On September 28, 1542, the Spanish explorer Juan Rodriguez Cabrillo discovers San Diego Bay while searching for the Strait of Anian, a mythical all-water route across North America.
Cabrillo was not the first to search for a water passage across the North American continent, and he would not be the last. Ever since the voyages of Columbus, Europeans had dreamed of finding a shorter trade route to the Orient. Once it became clear that North America was not India, as Columbus had believed, but an entirely new continent, explorers hoped that an all-water route through the New World might still be found. Vastly underestimating the breadth of the continent, early 16th and 17th century explorers like Cabrillo believed that one such route might be the elusive Strait of Anian, a navigable passage some sailors claimed linked the Pacific with the Gulf of Mexico.
In June 1542, Cabrillo departed from the West Coast of Mexico and sailed northward to probe the complex broken coastline of the Pacific.
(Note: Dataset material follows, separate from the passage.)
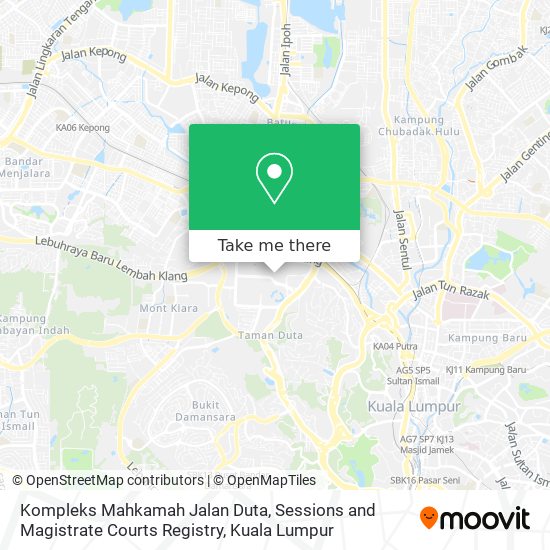 Peta Kompleks Mahkamah Jalan Duta, Sessions and Magistrate Courts Registry
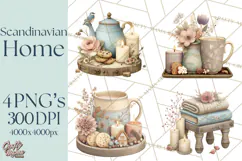 Hygge Winter Home Clipart PNG Neutral Cozy Decor Product Image 1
Repeatedly turning east to follow any inlet that held the promise of being the Strait, Cabrillo was the first European to explore many of the Pacific Coast bays and inlets. Though San Diego Bay–as well as all the other inlets he subsequently explored–never led to the mythic Strait of Anian, Cabrillo did succeed in mapping many of the most important features of the California coast, though he missed discovering San Francisco Bay.
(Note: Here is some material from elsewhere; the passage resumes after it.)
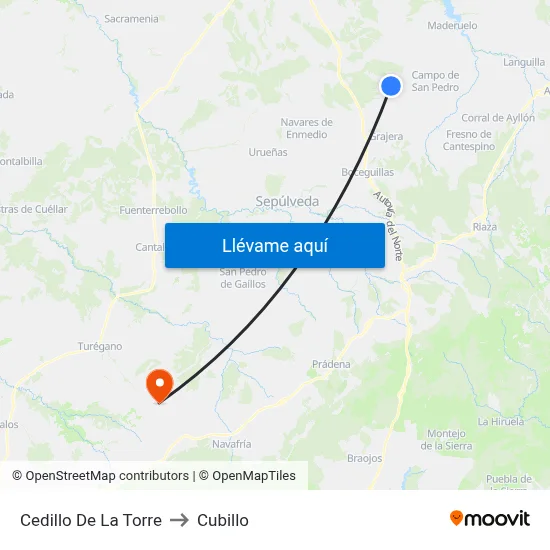 Cedillo De La Torre to Cubillo map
Despite the failure of the Cabrillo mission, other explorers continued to search for the Strait of Anian and its northern cousin, the Northwest Passage, for many years to come, though with no more success. Ironically, a passage across the continent actually did exist, and in 1905, the Arctic explorer Roald Amundsen became the first man to make an all-water crossing of North America. But Amundsen’s cold and treacherous far-northern route was hardly the shortcut to the Orient Cabrillo and countless other explorers had dreamed of, and died for, over the course of more than five centuries.